Exercise prompt: Pictures appear among the records below and must be omitted. Repeat exactly the lines from the line with "12 BHK Independent House" to the line with "5319 Wesley Road", both included.

Listed records:
# # #

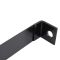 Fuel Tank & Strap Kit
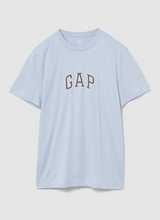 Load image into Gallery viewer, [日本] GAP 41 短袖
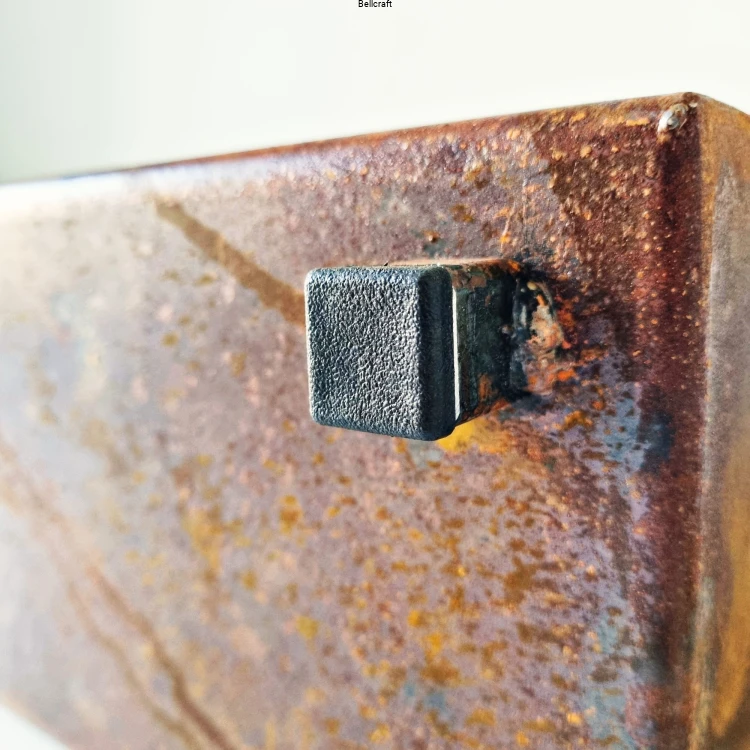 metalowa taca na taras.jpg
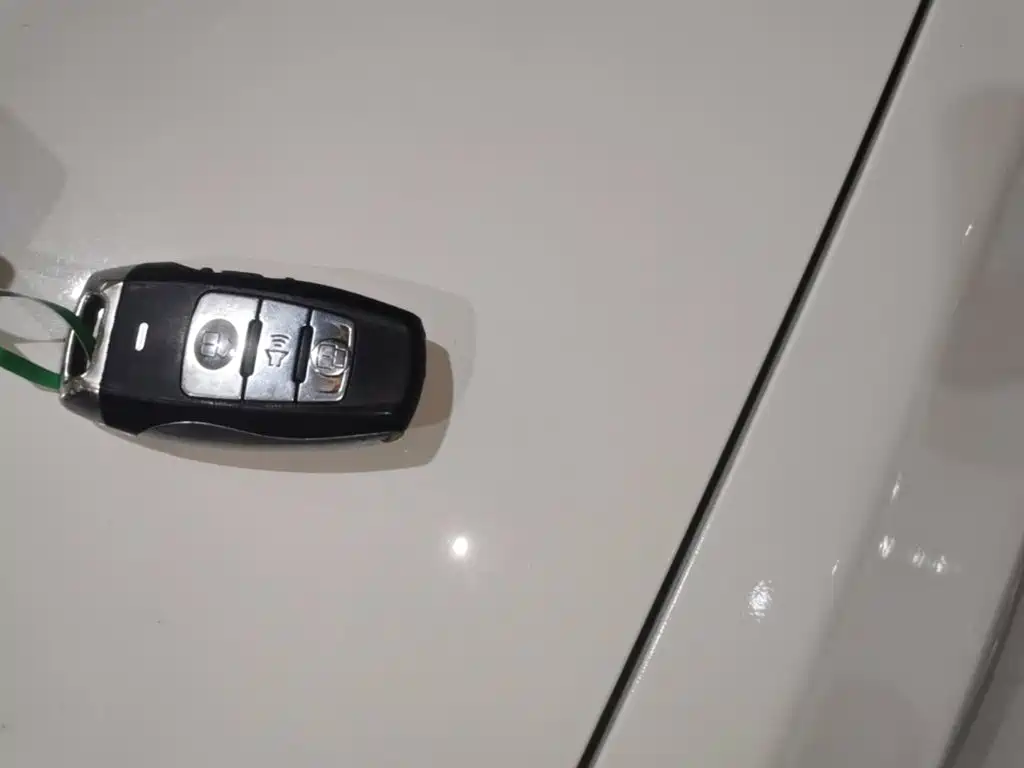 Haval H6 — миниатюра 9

# # #

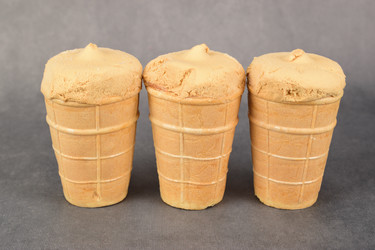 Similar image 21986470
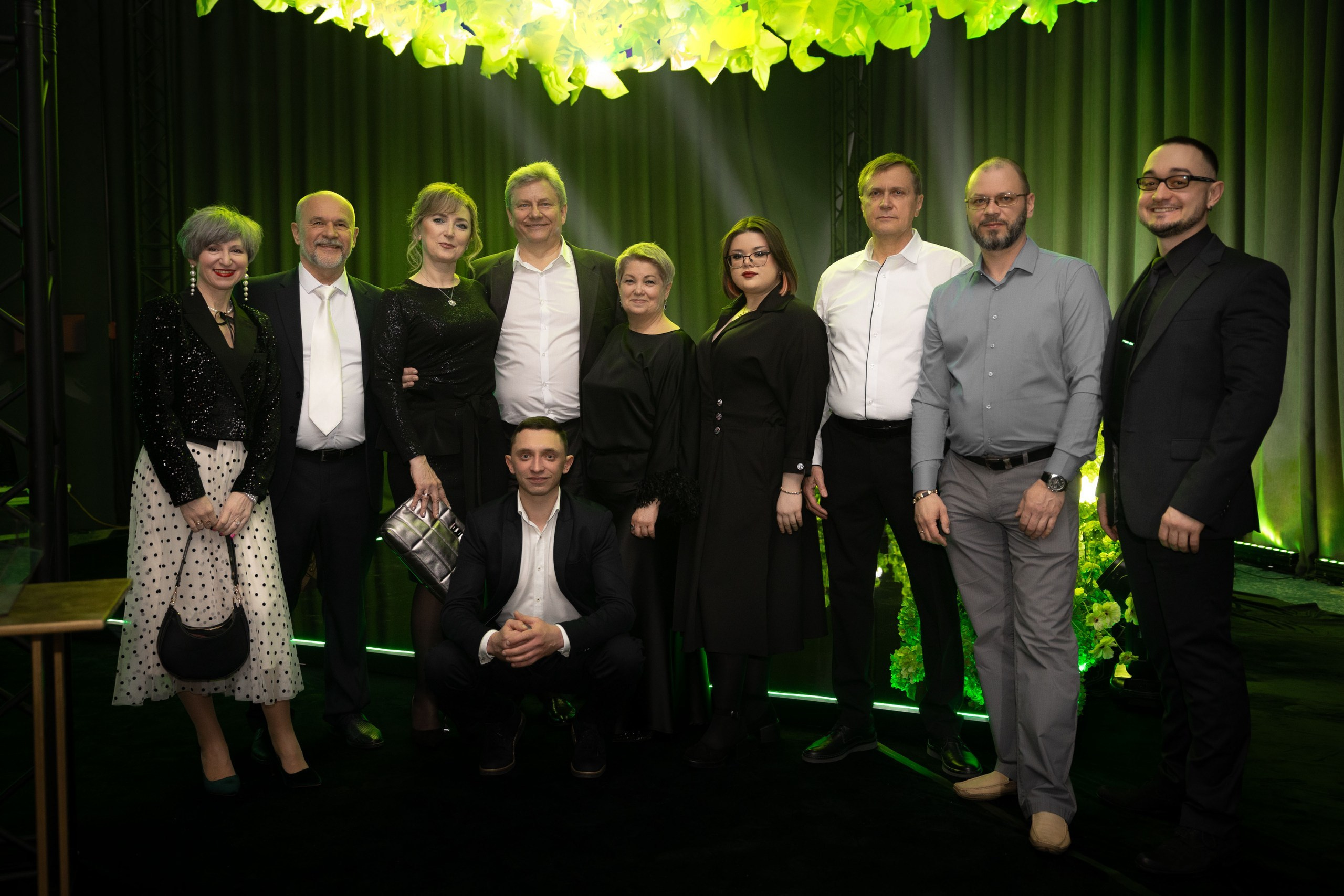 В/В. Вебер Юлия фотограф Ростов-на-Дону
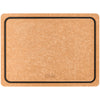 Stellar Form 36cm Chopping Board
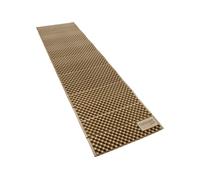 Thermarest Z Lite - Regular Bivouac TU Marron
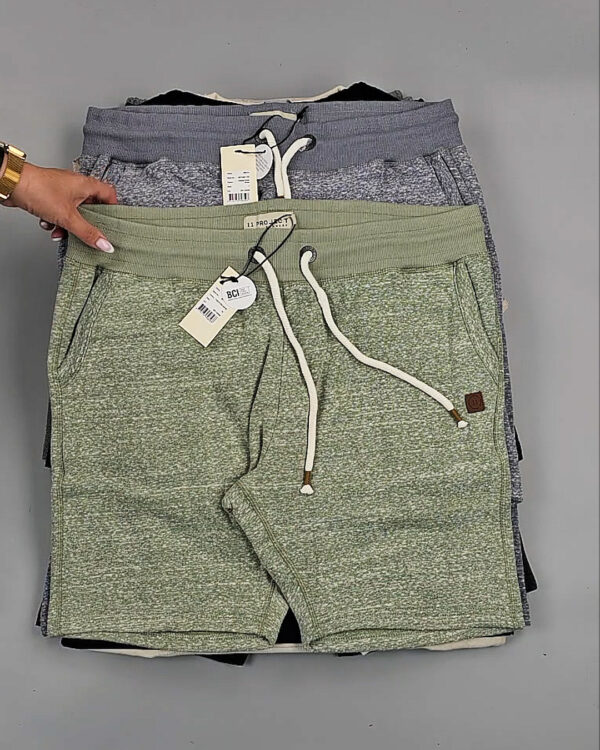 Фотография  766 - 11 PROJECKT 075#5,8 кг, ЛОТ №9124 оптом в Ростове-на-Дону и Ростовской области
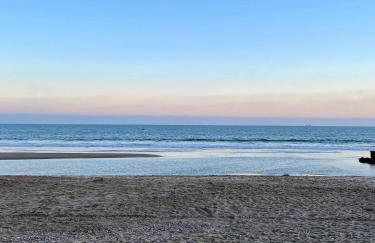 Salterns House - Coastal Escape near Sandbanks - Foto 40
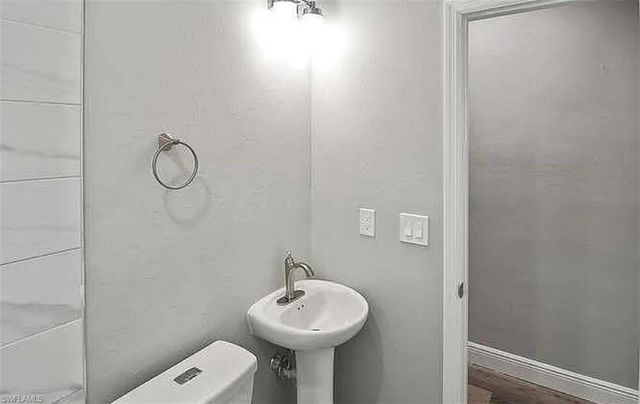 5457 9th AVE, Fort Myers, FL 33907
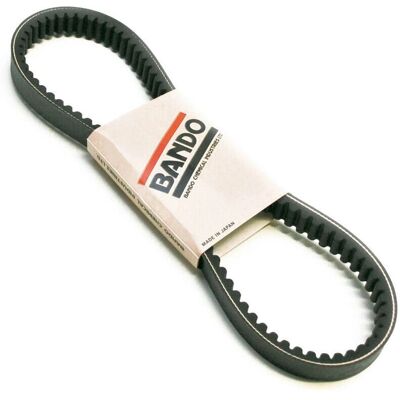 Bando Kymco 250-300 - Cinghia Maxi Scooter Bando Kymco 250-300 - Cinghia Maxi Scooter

# # #

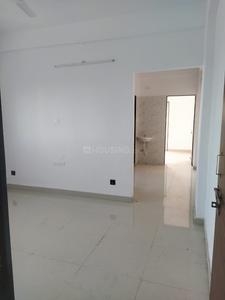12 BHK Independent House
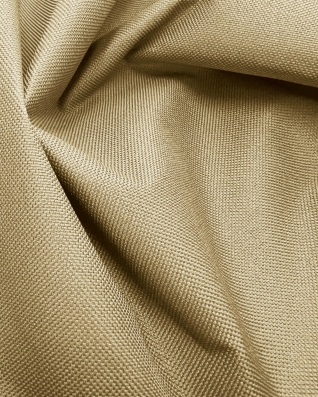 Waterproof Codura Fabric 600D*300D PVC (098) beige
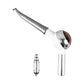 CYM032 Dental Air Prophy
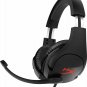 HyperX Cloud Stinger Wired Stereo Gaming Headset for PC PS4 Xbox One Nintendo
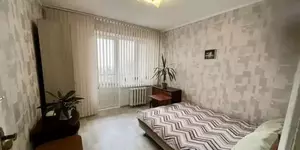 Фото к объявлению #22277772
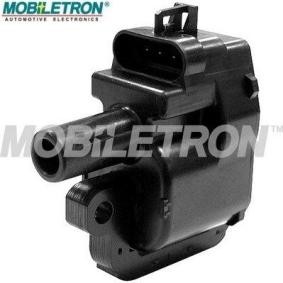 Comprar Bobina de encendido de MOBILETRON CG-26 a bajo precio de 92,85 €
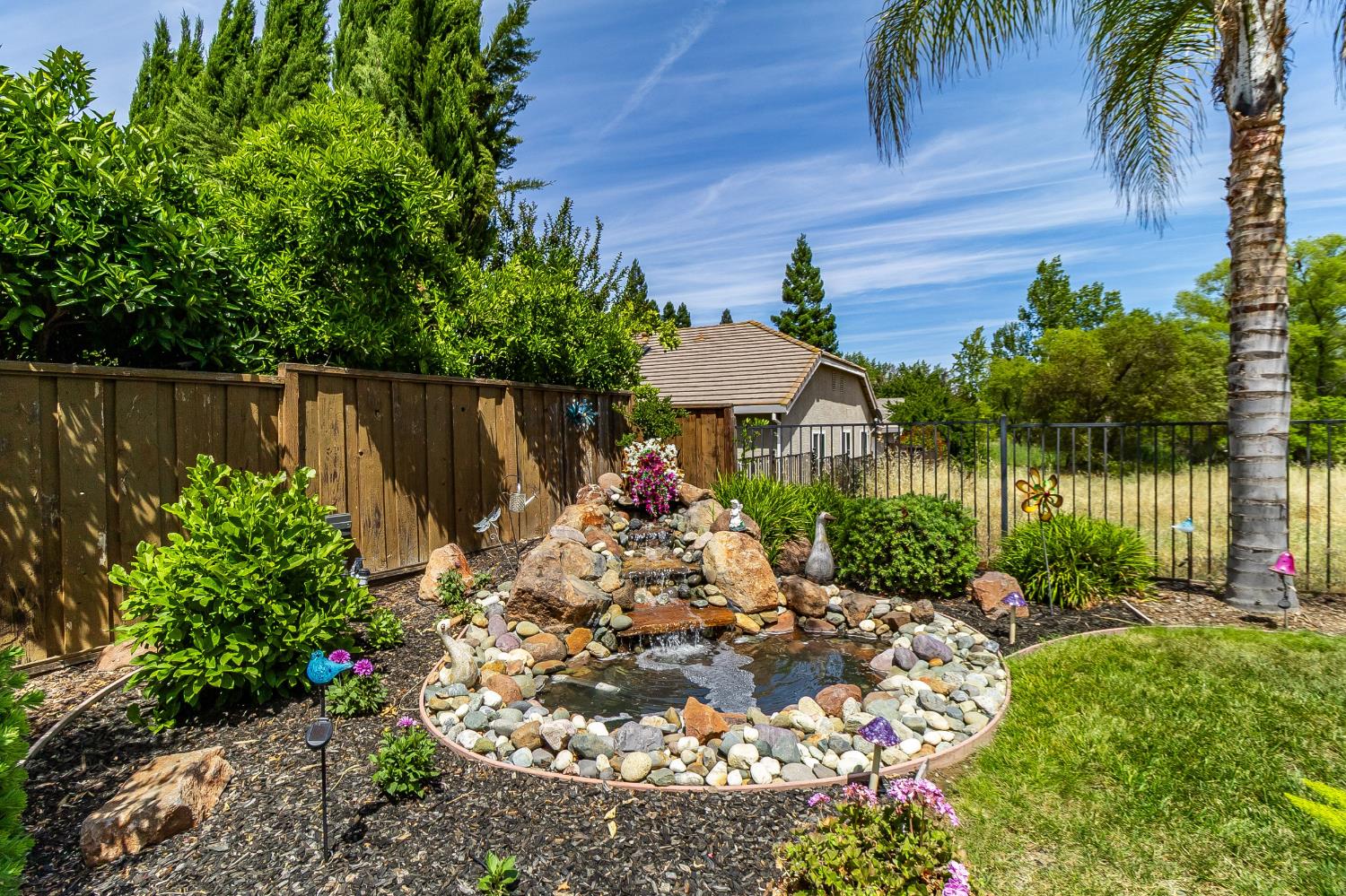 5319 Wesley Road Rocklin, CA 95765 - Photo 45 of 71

# # #

Written answer:
12 BHK Independent House
 Waterproof Codura Fabric 600D*300D PVC (098) beige
 CYM032 Dental Air Prophy
 HyperX Cloud Stinger Wired Stereo Gaming Headset for PC PS4 Xbox One Nintendo
 Фото к объявлению #22277772
 Comprar Bobina de encendido de MOBILETRON CG-26 a bajo precio de 92,85 €
 5319 Wesley Road Rocklin, CA 95765 - Photo 45 of 71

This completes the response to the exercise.